Can you post a photo of this? I was actually thinking of doing the same thing.
 
#20 ·
muxster said:
I have a single yellow that has 12v coming from the stator that my dad wound. He wound according to Monkeytom's instructions. Let's look at this diagram that I followed.



The question is what side of the Rectifier are we looking at? I believe its t anhe rectifier side of it. At the top left of the rectifier you see "RED" and that it's labeled 12v / 3A which I assumed to be the battery.

Green is grounded under my seat latch. Yellow coming from the stator goes to yellow. I also put another yellow wire into the butt connector going into the rectifier that goes into my harness's stock CT70 yellow wire.
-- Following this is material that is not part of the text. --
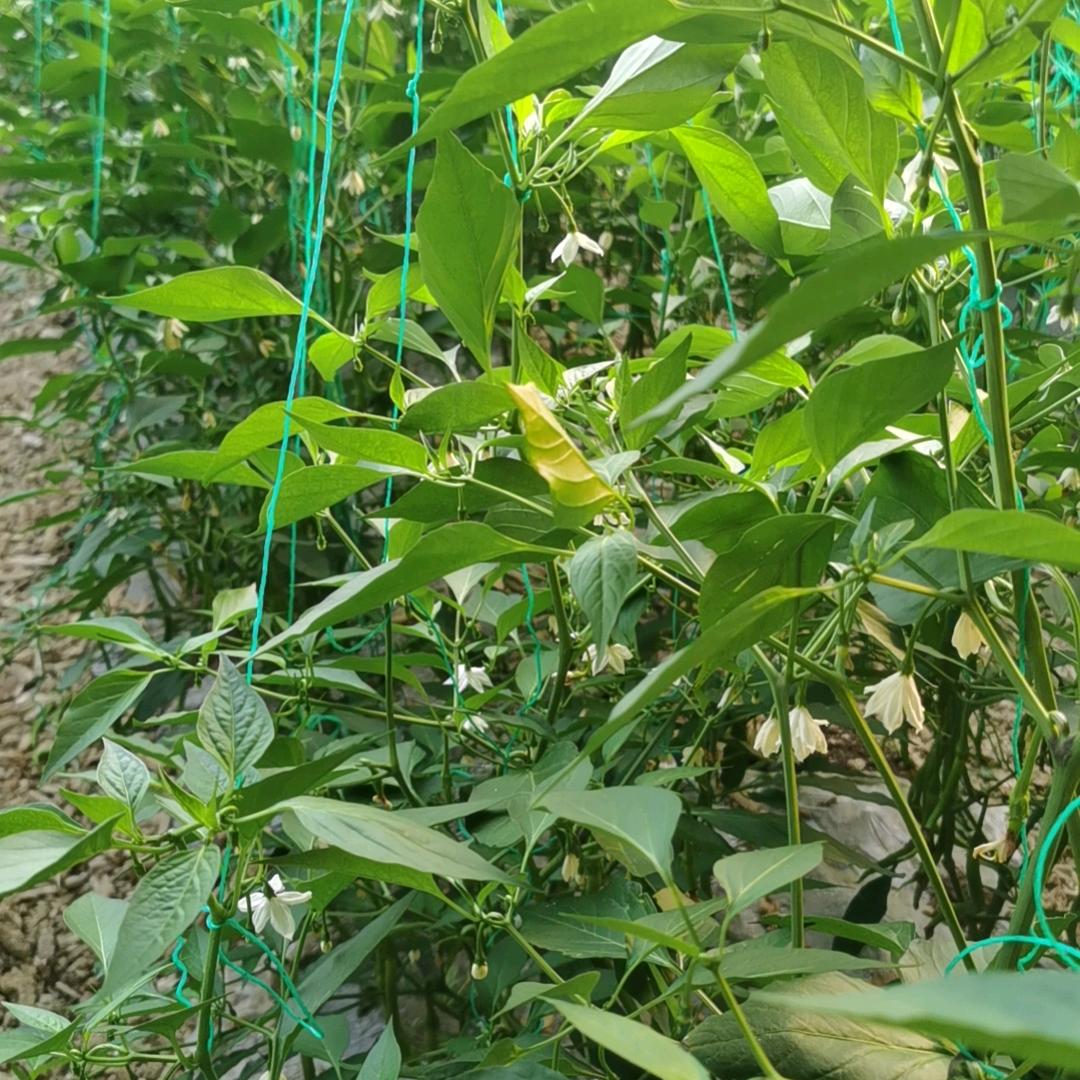 不求最好，但问心无愧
This power the head light when the motor is running.



The red lead when measure when the bike is running at idle puts out about 5v but when you increase the throttle the output increases to around just under 12v and thats with around 3/4 throttle.
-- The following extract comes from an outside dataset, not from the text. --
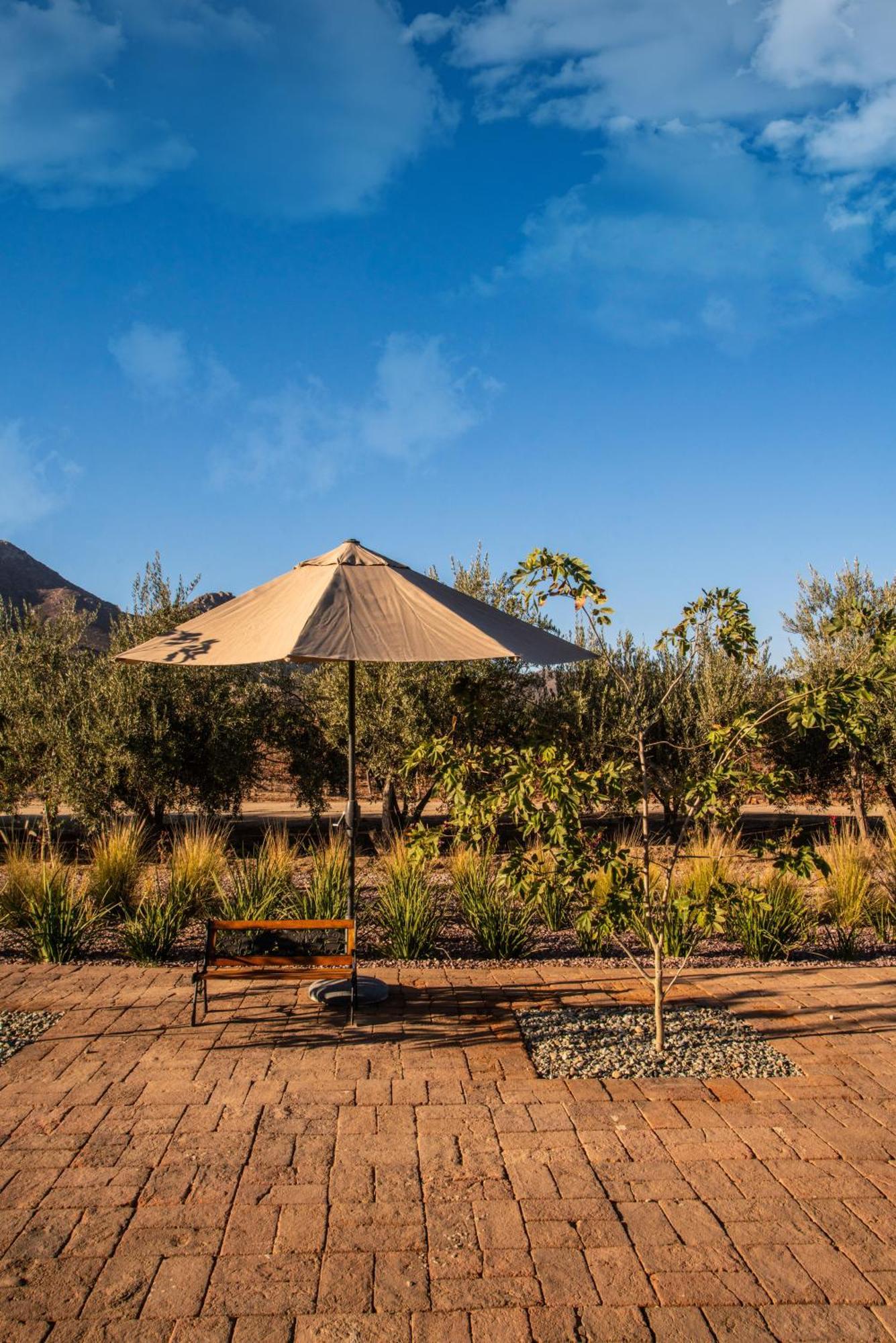 Hotel Flores De Sal-Valle De Guadalupe Ngoại thất bức ảnh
NIELSPBR - stated that he jumped the yellow wire from the stator to the yellow lead on the rectifier as well as the to the blank lead shown in this diagram. IS that correct? Would be the lead to the right of the red one. NO?



My dad wound the coil based on the mixed info I gave him. He believes that by alternating the middle coil when he wrapped the 3 of them this maybe reducing the amount of power that is being outputted currently. However, I am looking at the LIFAN version of the 12v Stator and I cannot tell if the coils are all wrapped the same direction or not.





Image




Man you know an engineer is involved when making the simplest circuit so complicated :( . The windings have to be wound in opposite directions as stated several times and you cannot put your winding to ground as in your pic it has to go to the other yellow on your rectifier as was already stated several times in several of your threads.
 
#22 ·
3-UP

The yellow wire shown in the diagram is not going to ground. It goes to the headlight. The "X" below the word YELLOW is not a ground.



We know the coils are wrapped properly (alternating.) I will try Niel's method of connecting white terminal and yellow terminals via the same wire.
 
#23 ·
muxster said:
3-UP

The yellow wire shown in the diagram is not going to ground. It goes to the headlight. The "X" below the word YELLOW is not a ground.



We know the coils are wrapped properly (alternating.) I will try Niel's method of connecting white terminal and yellow terminals via the same wire.


On your stator you wound each end goes seperately to each yellow on your rectifier.
 
#26 ·
Seems there is confusion on how to wire this up. I am providing 3 ways to wire a single yellow wire stator assembly to a 4 pronged rectifer. Do understand that the yellow line is to be IN LINE and has no output elsewhere.



Best way to describe it. Yellow power line is walking down the street and wants to go into the bar. He goes in through the yellow doors, has a drink, and comes out the way he came in through the yellow doors and continues on his way...but is slightly altered. He is no longer the wild AC but the mild and inebriated DC



Next scenario. Yellow power line is walking down the street and he sees his lady friend waving him over to come in the house for some fun. She invites him in through the white front door. They go in and have some fun, but he's now a little worn out and has a little less energy than before. So as to not show she's a slut, she doesn't send him back out the front door...she sends him out the side red door. He then heads home to sleep off the good sex and recharge.



Now...that is how you wire a one-yellow-wire stator.